На своей лучезарной волне
приезжаешь в одну из вакаций.
Через марьинский мост перейдешь.
(Громко сказано. Просто мосточек.)
Узнаванья протяжная дрожь.
Те же песни из радиоточек.
Распалялся ансамбль «Верасы».
Ты являлся в потертых «левайсах».
Палисадник, как в капле росы,
изумительно переливался.
Ты вернулся сюда налегке.
Налегке.
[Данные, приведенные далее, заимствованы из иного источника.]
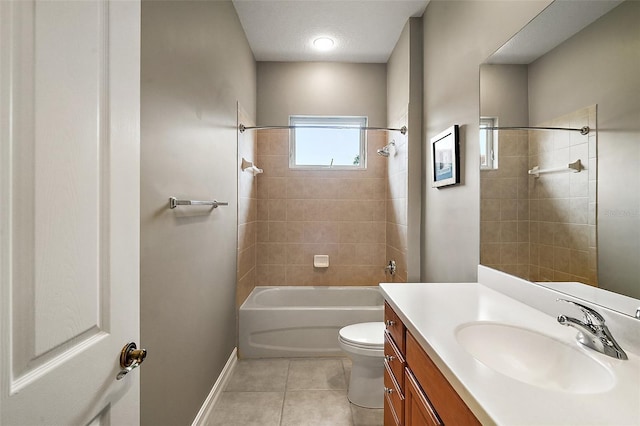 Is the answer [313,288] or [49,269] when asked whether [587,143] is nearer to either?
[49,269]

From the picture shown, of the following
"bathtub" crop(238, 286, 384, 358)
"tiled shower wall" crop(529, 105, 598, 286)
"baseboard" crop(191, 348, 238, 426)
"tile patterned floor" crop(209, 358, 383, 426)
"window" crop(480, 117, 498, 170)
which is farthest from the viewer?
"bathtub" crop(238, 286, 384, 358)

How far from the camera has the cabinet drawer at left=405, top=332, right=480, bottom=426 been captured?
0.75m

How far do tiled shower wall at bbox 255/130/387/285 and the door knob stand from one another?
2.64m

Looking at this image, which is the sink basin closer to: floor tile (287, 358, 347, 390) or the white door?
the white door

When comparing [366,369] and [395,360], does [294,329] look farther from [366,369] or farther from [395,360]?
[395,360]

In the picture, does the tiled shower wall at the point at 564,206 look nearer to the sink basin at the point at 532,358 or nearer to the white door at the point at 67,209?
the sink basin at the point at 532,358

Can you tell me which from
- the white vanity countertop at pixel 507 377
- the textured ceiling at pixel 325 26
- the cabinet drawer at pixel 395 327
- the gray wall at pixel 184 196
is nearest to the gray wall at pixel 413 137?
the textured ceiling at pixel 325 26

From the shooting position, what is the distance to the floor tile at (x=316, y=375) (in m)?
2.27

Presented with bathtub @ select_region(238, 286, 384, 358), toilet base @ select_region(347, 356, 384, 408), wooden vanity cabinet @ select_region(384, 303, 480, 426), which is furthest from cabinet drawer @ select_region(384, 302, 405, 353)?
bathtub @ select_region(238, 286, 384, 358)

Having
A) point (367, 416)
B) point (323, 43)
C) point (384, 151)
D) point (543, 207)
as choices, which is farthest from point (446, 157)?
point (323, 43)

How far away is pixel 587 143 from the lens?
3.37 ft

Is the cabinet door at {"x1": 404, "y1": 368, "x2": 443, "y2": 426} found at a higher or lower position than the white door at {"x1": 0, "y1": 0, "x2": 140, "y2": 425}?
lower

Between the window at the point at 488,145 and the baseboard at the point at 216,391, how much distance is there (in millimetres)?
2027

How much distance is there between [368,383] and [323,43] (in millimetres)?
2864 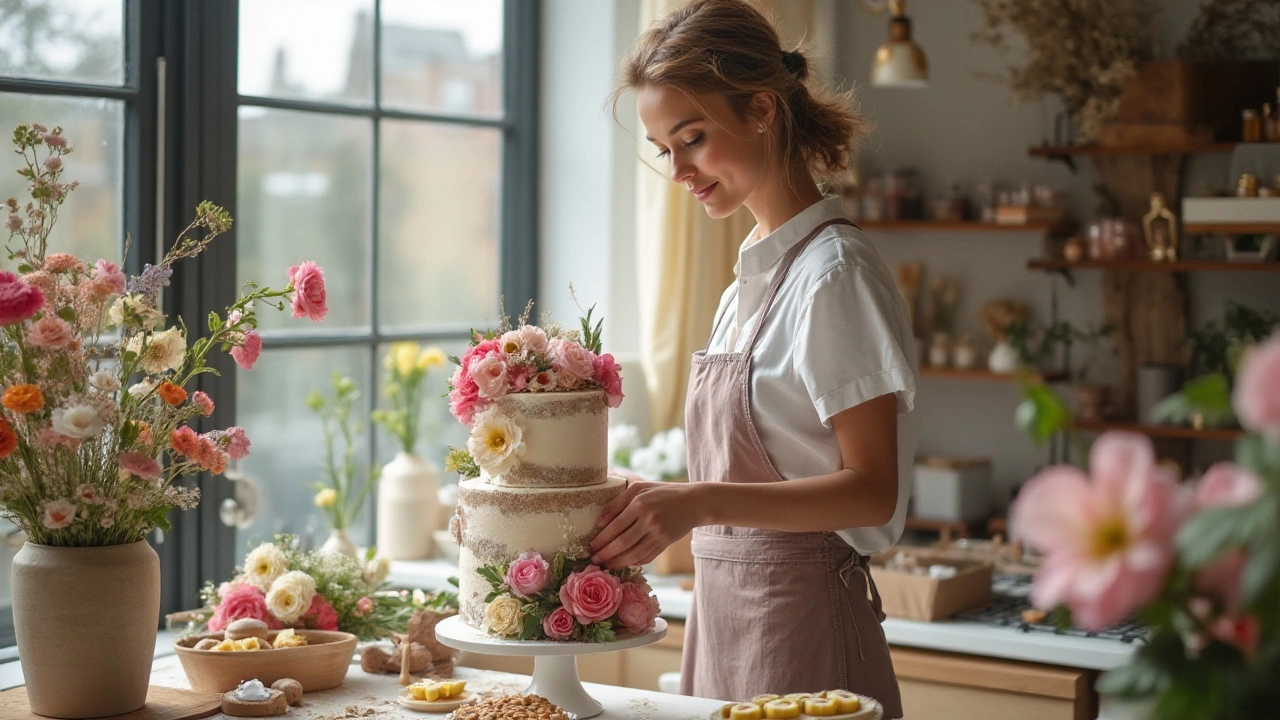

Но дышалось неровно…
Выйдет бабушка в сером платке —
Мостовая Мария Петровна.
(Всё. Одна теперь…) «Дай обниму…»
Улыбалась всегда виновато,
упреждая вопрос, почему
ничего не вернется обратно.
Что ты хочешь услышать, студент?
Объяснений у нас не ищи ты.
Нет защиты тебе от судеб?
А какой ты хотел бы защиты?
И такая при ней тишина.
Торжествует незримая Сила.
…В красногоровской церкви она
несмышленого внука крестила.
* * *
Ирине Карениной
Истошность вороньего грая.
Злодейство с цыганской иглою.
Свобода приходит нагая
с трещоткой, чесоткой, цингою,
с привычной ее свистопляской,
с дальнейшей тюрьмою-сумою,
с позорной сюжетной развязкой,
со всей смысловой колымою.
А ты реагируешь кисло:
поди ж ты, желают добра лишь.
На дальние прииски смысла
тревожный рюкзак собираешь.
Потом она чахнет над златом
с блаженной улыбкой беззубой.
А мы всё — с тулупом, с бушлатом,
с шинелью, с вороньею шубой.
Бессмертие в твердой обложке,
ты правильный вектор задашь нам:
там полные горсти морошки,
твое возвращенье к домашним.
Лишь этим, возможно, и живы —
вдали от бессмысленной пены —
незримые наши намывы,
негромкие наши напевы.
* * *
Что ни снег — произвольная тема.
Ублажая дрожащую тварь,
взбитых сливок, белкового крема
не жалеет кондитер-январь.
Дурно понята эта свобода —
что-то ставить на вид небесам.
Свято место вдоль теплопровода
достается продвинутым псам.
Вздрогнешь: вот где собака зарыта…
Как бы ни был судьбою пригрет,
на поверхностный взгляд — дольче вита,
на поверку — лишь волчий билет.
Наблюдают они поневоле
краткий курс от тюрьмы до сумы
и глядящую в Наполеоны
преисподнюю русской зимы.
Там лирический гул нарастает,
обрушением смысла грозя.
Смирный пес, как Платон Каратаев,
набивается тихо в друзья.
При каких обстоятельствах места
познакомились в жизни другой?..
Ни претензий, ни знаков протеста —
лишь поводит надбровной дугой.
Помолчим о грехах наших тяжких.
И о том, как, нарушив табу,
увезли на собачьих упряжках
золотую злодейку-судьбу.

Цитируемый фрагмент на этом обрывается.